Human voices affect writers in deeper, subtler forms, too. They are expressed as expectations from publishers, editors, and those who control ways writers can support themselves. They are expressed as the beliefs held by those writers are trying to persuade.
In my efforts to write about the ecological importance of pinyon-juniper forests, I made a mistake. I immersed myself in human voices. Too many of the human voices I heard were interested in valuing pinyon-juniper forests only in human terms. Too often, I found forests’ value measured as a function of the benefit forests bring to humans.
I found forests valued for the amount of money that could be made when forests are converted into so-many square feet of board lumber. I found forests valued for the emotions forests stir in human visitors. I found forests valued for their ability to sequester carbon and to slow human-caused runaway climate change currently threatening human existence.
Listening only to human voices, I became convinced that my success as a writer hinged on my ability to persuade my readers that pinyon-juniper forests were valuable for the benefits they offer humans – directly or indirectly. Today’s dominant human culture possesses no valid means for measuring the value of a forest. As a member of that culture, I have little experience with language that can come close to describing the full-importance of a forest.
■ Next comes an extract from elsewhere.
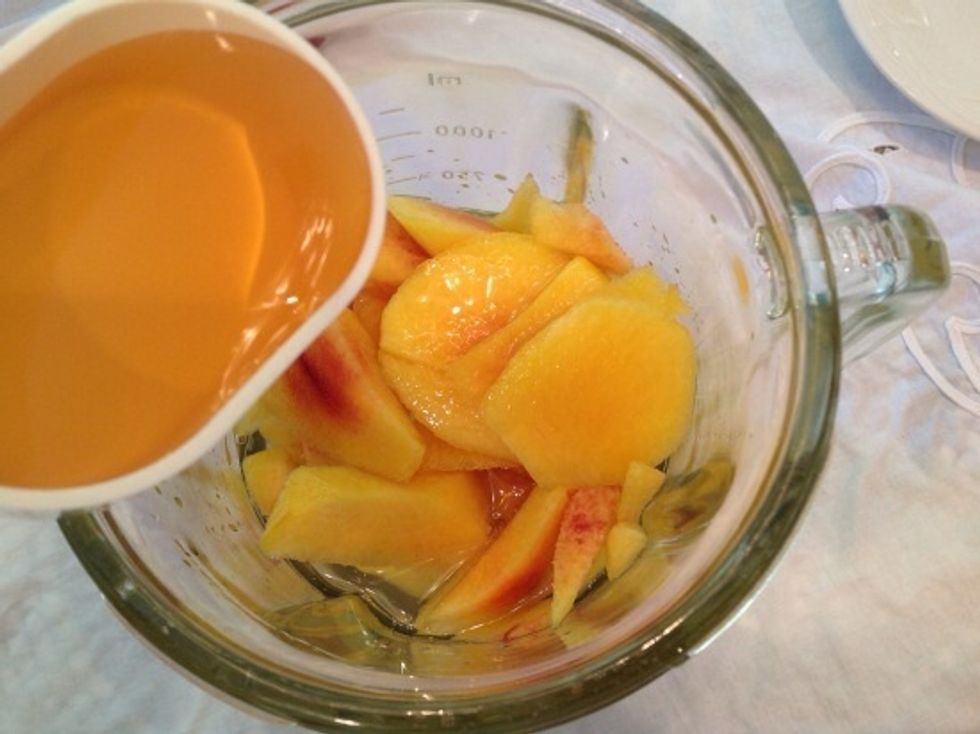 Discard skin and pits and transfer peaches to a blender. Add water, apple juice, honey, lime zest and juice, salt and pepper.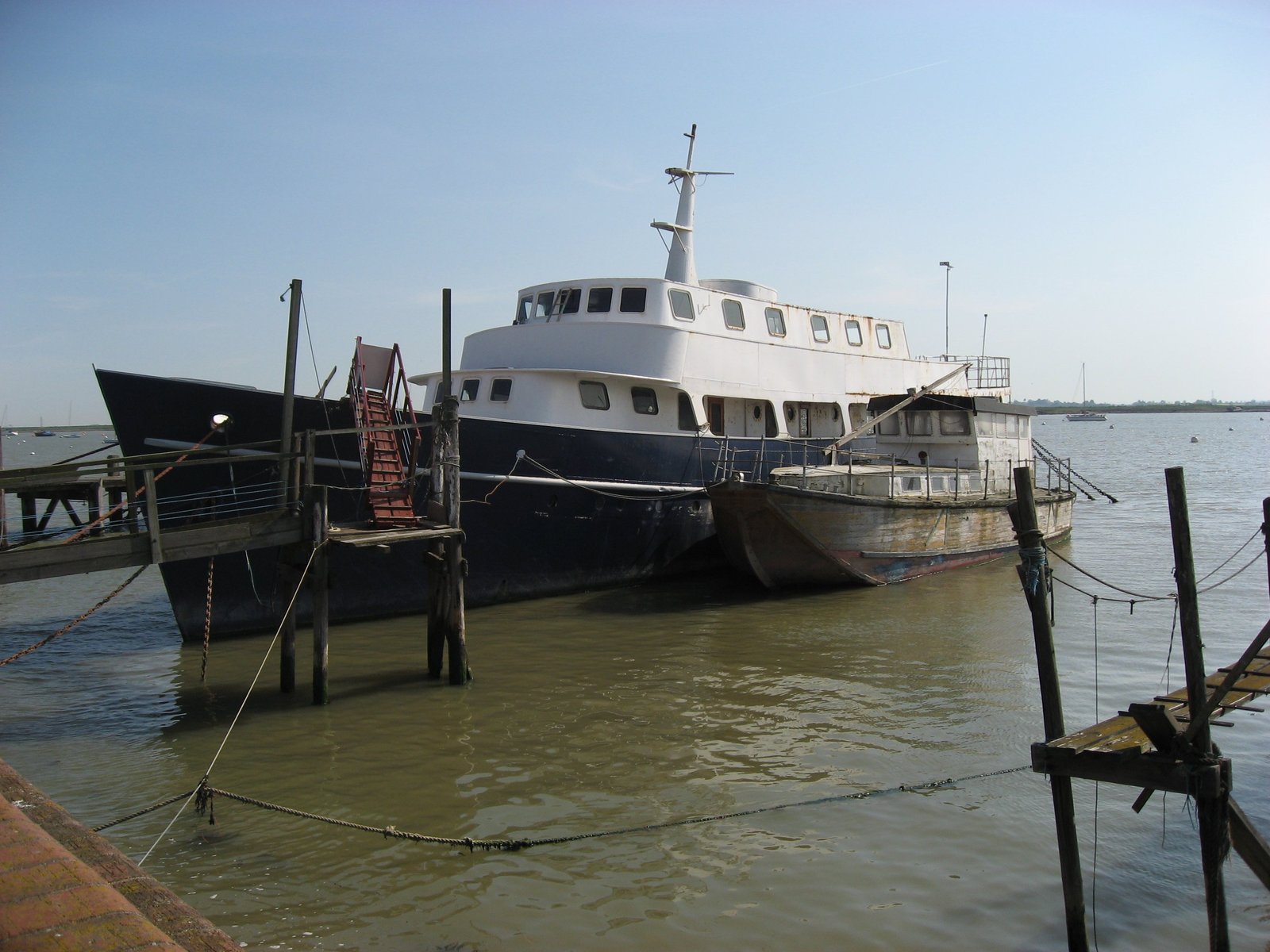 large docked boat at dock with multiple ropes and poles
Traditional societies have come closest by accepting the sacredness of forests and then devising ways-of-life where the destruction of forests is simply unthinkable.
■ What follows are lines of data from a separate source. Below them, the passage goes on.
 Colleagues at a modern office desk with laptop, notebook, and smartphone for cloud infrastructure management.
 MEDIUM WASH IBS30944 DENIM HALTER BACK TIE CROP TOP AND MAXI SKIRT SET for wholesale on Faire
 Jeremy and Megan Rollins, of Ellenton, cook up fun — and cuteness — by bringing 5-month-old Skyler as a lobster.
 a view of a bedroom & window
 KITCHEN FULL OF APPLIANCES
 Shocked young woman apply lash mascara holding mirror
It took me a long time to realize that my questions could not be answered by the people I was asking. It took me even longer to realize that, perhaps, my questions could not be answered by people, at all.
***
I didn’t know it then, but I was starved for voices when I found myself standing in front of pinyon pine and junipers west of Dove Creek, Colorado not long ago. I didn’t arrive in these forests with the intention of writing about them. In fact, I was on the way to Durango to help my partner drive her car back after she purchased a van there. The painful contrasts between beautiful, intact pinyon-juniper forests and clear-cut dead zones on mountainsides in eastern Utah and western Colorado became voices so compelling I knew I had to figure out a way to keep writing. I had to tell the forests’ stories.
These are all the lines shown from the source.